Halloween is less than a week away, so today’s Thoughtful Thursday features some Halloween poems for you to share with your sons and daughters. This assortment includes the celebrated African-American poet Paul Laurence Dunbar’s scary tale of a hanging from the tree’s perspective, the classic witches chant from Shakespeare’s Macbeth, and a silly poem about a Halloween party by Ken Nesbitt which will tickle the younger set. Take turns reading them aloud! Enjoy.

The Haunted Oak

Pray why are you so bare, so bare,
Oh, bough of the old oak-tree;
And why, when I go through the shade you throw,
Runs a shudder over me?

My leaves were green as the best, I trow,
And sap ran free in my veins,
But I say in the moonlight dim and weird
A guiltless victim’s pains.

I bent me down to hear his sigh;
I shook with his gurgling moan,
And I trembled sore when they rode away,
And left him here alone.

They’d charged him with the old, old crime,
And set him fast in jail:
Oh, why does the dog howl all night long,
And why does the night wind wail?

He prayed his prayer and he swore his oath,
And he raised his hand to the sky;
But the beat of hoofs smote on his ear,
And the steady tread drew nigh.

Who is it rides by night, by night,
Over the moonlit road?
And what is the spur that keeps the pace,
What is the galling goad?

And now they beat at the prison door,
“Ho, keeper, do not stay!
We are friends of him whom you hold within,
And we fain would take him away

“From those who ride fast on our heels
With mind to do him wrong;
They have no care for his innocence,
And the rope they bear is long.”

They have fooled the jailer with lying words,
They have fooled the man with lies;
The bolts unbar, the locks are drawn,
And the great door open flies.

Now they have taken him from the jail,
And hard and fast they ride,
And the leader laughs low down in his throat,
As they halt my trunk beside.

Oh, the judge, he wore a mask of black,
And the doctor one of white,
And the minister, with his oldest son,
Was curiously bedight.

Oh, foolish man, why weep you now?
‘Tis but a little space,
And the time will come when these shall dread
The mem’ry of your face.

I feel the rope against my bark,
And the weight of him in my grain,
I feel in the throe of his final woe
The touch of my own last pain.

And never more shall leaves come forth
On the bough that bears the ban;
I am burned with dread, I am dried and dead,
From the curse of a guiltless man.

And ever the judge rides by, rides by,
And goes to hunt the deer,
And ever another rides his soul
In the guise of a mortal fear.

And ever the man he rides me hard,
And never a night stays he;
For I feel his curse as a haunted bough,
On the trunk of a haunted tree.

Paul Laurence Dunbar (1872-1906)

Song of the Witches: “Double, double toil and trouble”

(from Macbeth)
Double, double toil and trouble;
Fire burn and caldron bubble.
Fillet of a fenny snake,
In the caldron boil and bake;
Eye of newt and toe of frog,
Wool of bat and tongue of dog,
Adder’s fork and blind-worm’s sting,
Lizard’s leg and howlet’s wing,
For a charm of powerful trouble,
Like a hell-broth boil and bubble.

Double, double toil and trouble;
Fire burn and caldron bubble.
Cool it with a baboon’s blood,
Then the charm is firm and good.

William Shakespeare (1564-1616)

Halloween Party

We’re having a Halloween party at school.
I’m dressed up like Dracula.

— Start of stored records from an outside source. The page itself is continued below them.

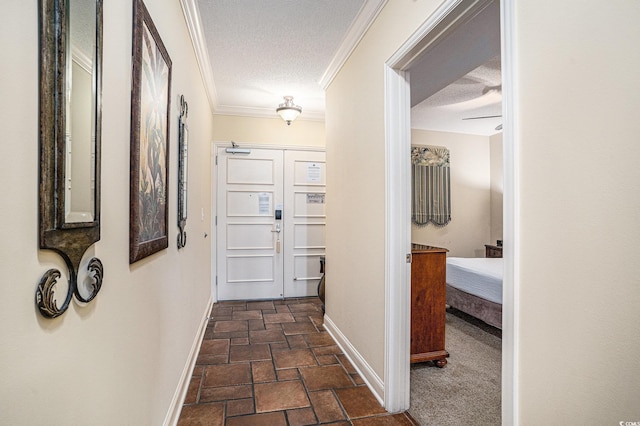 100 N Beach Blvd Unit 710, North Myrtle Beach, SC 29582 - hall with stone tile flooring, a textured ceiling, and crown molding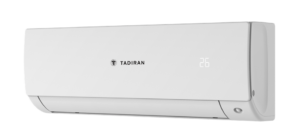 יחידת פנים עילית מעוצבת של מזגן Tadiran Mini VRF בגוון לבן נקי, מותקנת בצורה גלויה על קיר מעוצב בסלון מודרני או במשרד. לצד היחידה מוצג השלט הרחוק / התרמוסטט מדגם PRIME-HQS01. היחידה מציגה קווים נקיים, אסתטיים וזרימת אויר שקטה.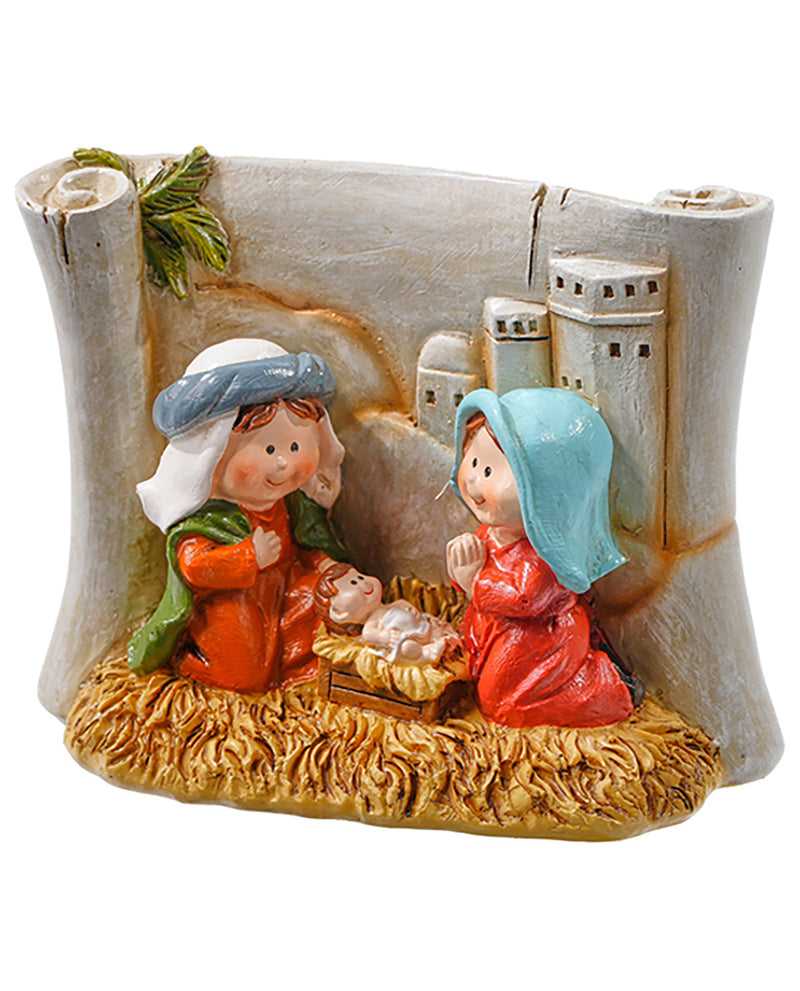 Decorative nativity scene with two children and a baby Jesus figure, set against a white background.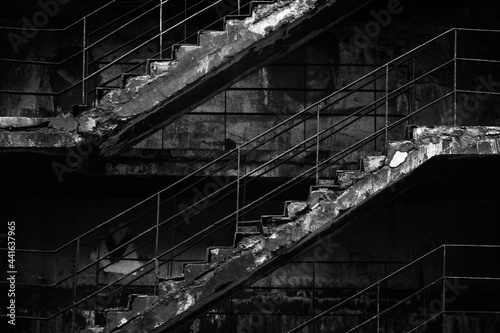 Old concrete staircase with rusty railing in black and white.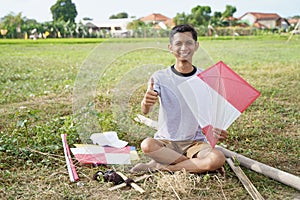 Portrait young man hold the kite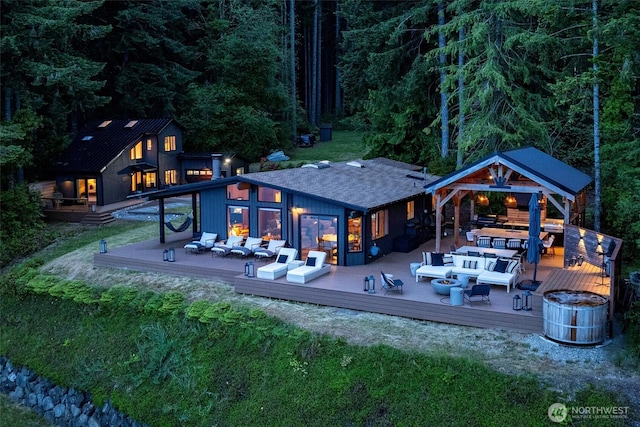 6570 E Grapeview Loop Rd, Allyn, WA 98524 - rear view of house with outdoor lounge area, a deck, a gazebo, and a shingled roof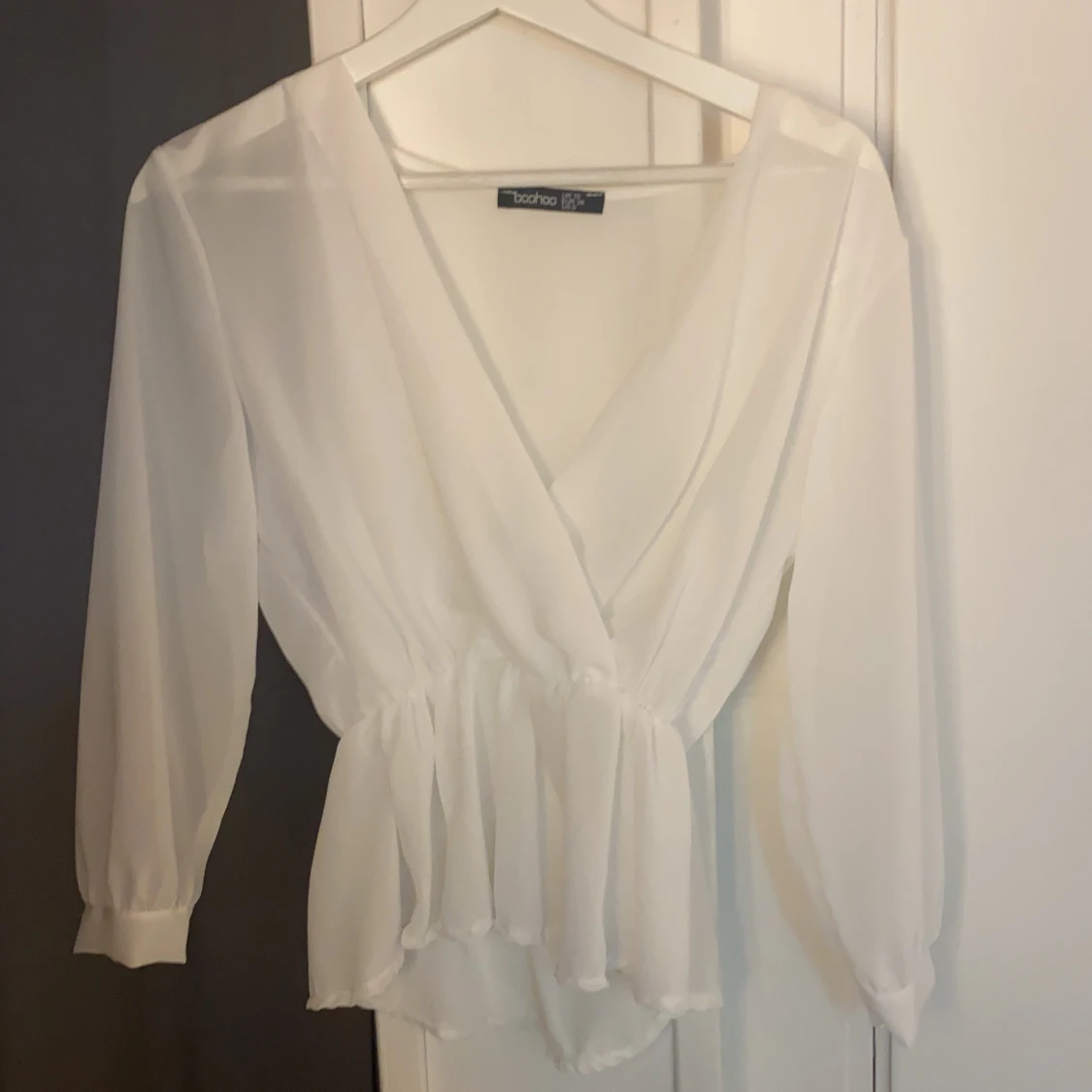 vit korsad top, storlek 38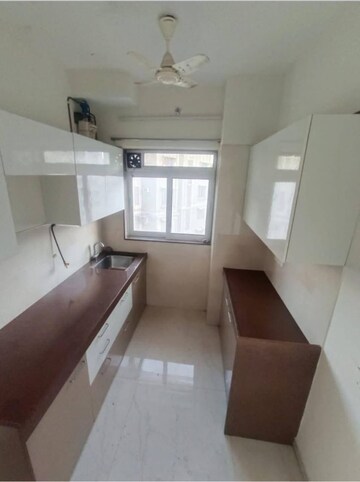 Kitchen in 1 BHK Apartment at MK Gabino, Andheri West – for Sale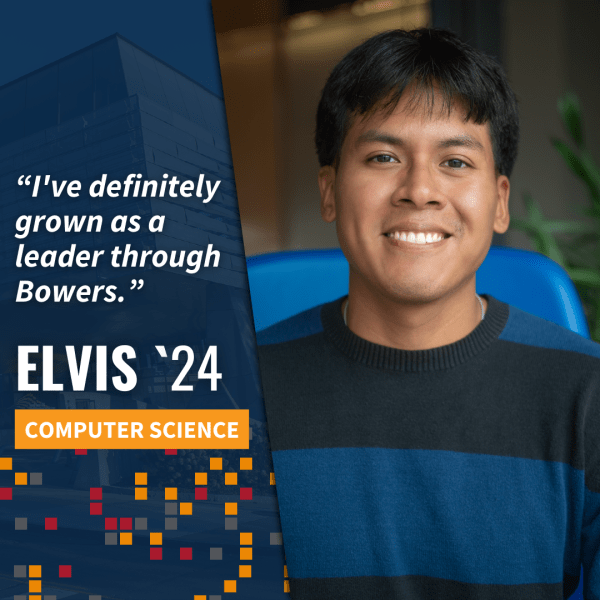 Elvis Marcelo A color photo of a man smiling for a photo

Man, I look cool!
I dyed my hair black, and I cut off my bangs.
I’m wearing a cape and some fake plastic fangs.

I put on some makeup to paint my face white,
like creatures that only come out in the night.
My fingernails, too, are all pointed and red.
I look like I’m recently back from the dead.

My mom drops me off, and I run into school
and suddenly feel like the world’s biggest fool.